Tubuh Edo kembali gemetar takut, berjalan penuh keraguan padahal dia baru saja mau memasuki gedung sekolah tapi sudah di hadang oleh anak-anak nakal yang selalu menindasnya.
"Lelet amat sih, dasar lemah! Sini cepat!" ucapnya lagi. Ketua anak nakal yang di belakangnya ada beberapa anak buahnya.
Tatapan mereka begitu tajam, terlihat begitu garang dengan menatap Edo yang terus berjalan meski dengan sangat pelan.

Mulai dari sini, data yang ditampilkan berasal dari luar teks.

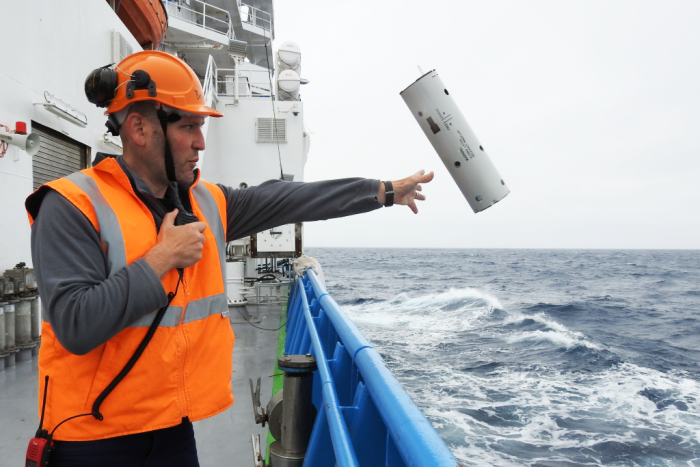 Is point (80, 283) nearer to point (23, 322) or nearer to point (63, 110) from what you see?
point (23, 322)

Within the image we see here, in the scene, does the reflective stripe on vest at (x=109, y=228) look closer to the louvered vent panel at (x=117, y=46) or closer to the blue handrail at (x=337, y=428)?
the blue handrail at (x=337, y=428)

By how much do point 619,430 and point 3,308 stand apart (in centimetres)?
822

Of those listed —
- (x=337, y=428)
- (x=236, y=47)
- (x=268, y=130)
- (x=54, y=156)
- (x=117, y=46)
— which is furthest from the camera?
(x=236, y=47)

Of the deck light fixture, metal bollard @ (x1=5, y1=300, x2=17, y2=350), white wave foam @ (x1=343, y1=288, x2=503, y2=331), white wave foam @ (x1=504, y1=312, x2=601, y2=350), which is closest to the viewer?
metal bollard @ (x1=5, y1=300, x2=17, y2=350)

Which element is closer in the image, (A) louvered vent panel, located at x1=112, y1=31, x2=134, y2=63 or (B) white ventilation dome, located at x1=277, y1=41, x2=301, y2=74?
(A) louvered vent panel, located at x1=112, y1=31, x2=134, y2=63

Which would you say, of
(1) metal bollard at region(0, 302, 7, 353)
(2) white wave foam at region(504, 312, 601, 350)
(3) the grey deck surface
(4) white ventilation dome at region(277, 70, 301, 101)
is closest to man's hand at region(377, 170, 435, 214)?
(3) the grey deck surface

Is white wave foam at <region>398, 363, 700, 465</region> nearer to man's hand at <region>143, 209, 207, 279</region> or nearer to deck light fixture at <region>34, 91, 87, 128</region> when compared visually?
man's hand at <region>143, 209, 207, 279</region>

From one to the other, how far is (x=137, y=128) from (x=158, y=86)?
154 mm

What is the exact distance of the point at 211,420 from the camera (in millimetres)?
3906

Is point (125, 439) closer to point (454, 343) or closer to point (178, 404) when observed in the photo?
point (178, 404)

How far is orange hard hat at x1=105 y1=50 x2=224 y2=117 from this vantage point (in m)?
1.57

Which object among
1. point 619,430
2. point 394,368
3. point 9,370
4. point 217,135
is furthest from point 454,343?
point 9,370

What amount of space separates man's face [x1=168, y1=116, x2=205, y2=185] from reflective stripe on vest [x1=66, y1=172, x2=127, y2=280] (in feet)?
0.88

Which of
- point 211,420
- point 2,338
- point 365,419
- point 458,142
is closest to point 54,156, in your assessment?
point 2,338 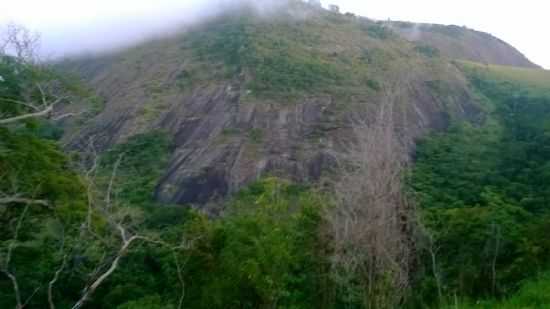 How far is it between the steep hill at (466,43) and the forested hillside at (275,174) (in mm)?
16119

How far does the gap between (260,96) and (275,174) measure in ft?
35.3

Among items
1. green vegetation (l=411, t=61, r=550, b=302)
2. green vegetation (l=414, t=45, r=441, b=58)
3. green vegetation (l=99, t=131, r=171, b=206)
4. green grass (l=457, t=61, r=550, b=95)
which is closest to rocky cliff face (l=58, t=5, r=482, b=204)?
green vegetation (l=99, t=131, r=171, b=206)

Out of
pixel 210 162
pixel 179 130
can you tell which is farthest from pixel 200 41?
pixel 210 162

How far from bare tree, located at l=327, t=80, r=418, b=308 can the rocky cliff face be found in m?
22.2

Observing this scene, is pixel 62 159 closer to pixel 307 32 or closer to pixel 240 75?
pixel 240 75

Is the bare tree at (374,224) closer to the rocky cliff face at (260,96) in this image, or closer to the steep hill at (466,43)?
the rocky cliff face at (260,96)

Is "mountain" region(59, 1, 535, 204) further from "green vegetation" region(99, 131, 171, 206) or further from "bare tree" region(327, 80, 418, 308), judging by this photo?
"bare tree" region(327, 80, 418, 308)

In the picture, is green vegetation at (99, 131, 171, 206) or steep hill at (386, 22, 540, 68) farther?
steep hill at (386, 22, 540, 68)

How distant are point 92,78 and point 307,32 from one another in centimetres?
2279

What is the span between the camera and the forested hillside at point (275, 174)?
35.8 feet

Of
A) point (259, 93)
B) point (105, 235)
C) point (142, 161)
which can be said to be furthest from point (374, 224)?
point (259, 93)

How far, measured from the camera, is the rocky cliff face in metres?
39.2

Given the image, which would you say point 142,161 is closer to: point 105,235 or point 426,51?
point 105,235

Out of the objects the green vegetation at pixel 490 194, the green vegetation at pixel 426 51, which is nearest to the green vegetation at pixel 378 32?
the green vegetation at pixel 426 51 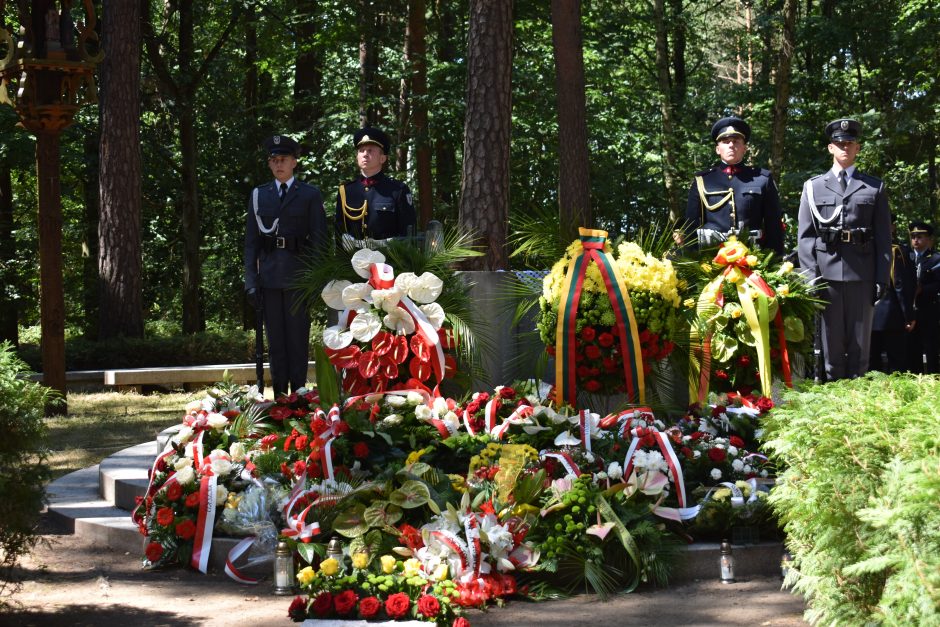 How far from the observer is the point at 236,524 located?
5.36m

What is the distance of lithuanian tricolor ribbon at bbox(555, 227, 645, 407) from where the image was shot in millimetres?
6047

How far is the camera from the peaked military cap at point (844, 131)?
24.7 feet

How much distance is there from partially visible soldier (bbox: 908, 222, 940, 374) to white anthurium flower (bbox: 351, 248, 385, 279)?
889 cm

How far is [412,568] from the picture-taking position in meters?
4.59

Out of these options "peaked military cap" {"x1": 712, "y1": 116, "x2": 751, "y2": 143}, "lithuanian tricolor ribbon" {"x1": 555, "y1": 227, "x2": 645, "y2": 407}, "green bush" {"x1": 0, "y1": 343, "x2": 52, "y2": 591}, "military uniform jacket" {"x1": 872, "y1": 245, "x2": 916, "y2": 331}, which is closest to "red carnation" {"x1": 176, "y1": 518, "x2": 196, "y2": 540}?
"green bush" {"x1": 0, "y1": 343, "x2": 52, "y2": 591}

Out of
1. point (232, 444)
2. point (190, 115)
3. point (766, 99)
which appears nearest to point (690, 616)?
point (232, 444)

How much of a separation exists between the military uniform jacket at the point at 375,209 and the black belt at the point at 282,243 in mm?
332

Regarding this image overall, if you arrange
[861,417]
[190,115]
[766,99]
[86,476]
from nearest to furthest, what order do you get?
[861,417], [86,476], [190,115], [766,99]

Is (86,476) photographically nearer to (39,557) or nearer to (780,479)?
(39,557)

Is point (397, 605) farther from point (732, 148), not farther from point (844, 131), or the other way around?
point (844, 131)

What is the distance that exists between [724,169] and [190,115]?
15950mm

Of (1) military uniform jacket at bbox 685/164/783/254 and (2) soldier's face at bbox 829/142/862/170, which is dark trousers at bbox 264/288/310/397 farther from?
(2) soldier's face at bbox 829/142/862/170

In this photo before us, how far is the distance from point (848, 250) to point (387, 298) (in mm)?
3502

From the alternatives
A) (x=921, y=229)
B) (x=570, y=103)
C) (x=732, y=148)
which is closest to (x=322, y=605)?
(x=732, y=148)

"Hey sobat, kenapa kamu tidak pernah masuk. Kamu menghindari kami?!" tanyanya. Tangannya langsung merangkul Edo tapi dengan aura wajah dingin menakutkan. Sementara yang lain hanya tertawa sinis ketika Alex ketua mereka merangkul sok akrab, padahal itu adalah sebuah penekanan yang luar biasa.
"Sa-saya," Edo begitu takut. Dia menunduk. Bayangan akan perlakuan buruk mereka terus saja berputar bagai kaset di ingatannya.
"Mana uang yang aku minta!" Tangannya terangkat, menengadah di depan wajah Edo yang masih ada di rangkulannya.
"Sa-saya tidak ada uang," Jawaban Edo terdengar gagap, dia juga tak berani memperlihatkan wajahnya pada Alex. Pasti sekarang wajahnya begitu garang karena Edo yang tak memiliki uang yang dia minta.
Bukan hanya di bully, di sakiti, dan juga di hina, tapi Edo juga selalu di mintai uang jajannya oleh mereka.
Seperti kemarin saat Alex kalah judi, dia meminta uang pada Edo. Dia mengancam, memaki bahkan juga memukulinya saat Edo tak bisa memberikan. Itu sebabnya Edo tak berangkat sekolah, dia terus bersembunyi di suatu tempat karena takut.
'Kalau tidak punya uang, cari uang nenekmu!' kata Alex saat itu.
Bagaimana mungkin Edo berani untuk mencari uang nenek, dia juga tau kalau neneknya tak ada uang. Itu sebabnya Edo terus menghindar.
"Kemarin tidak ada, sekarang tidak ada lagi! Kamu tuh becus nggak sih cari uang nenek mu!" Ucapan Alex sudah mulai meninggi, kian tumbuh amarahnya karena keinginannya tak di berikan.
"Sa-saya benar-benar tidak ada uang." Edo semakin ketakutan. Wajah Alex kian garang dan kini sudah melepaskan tangannya dari Edo dengan kasar juga dengan dorongan.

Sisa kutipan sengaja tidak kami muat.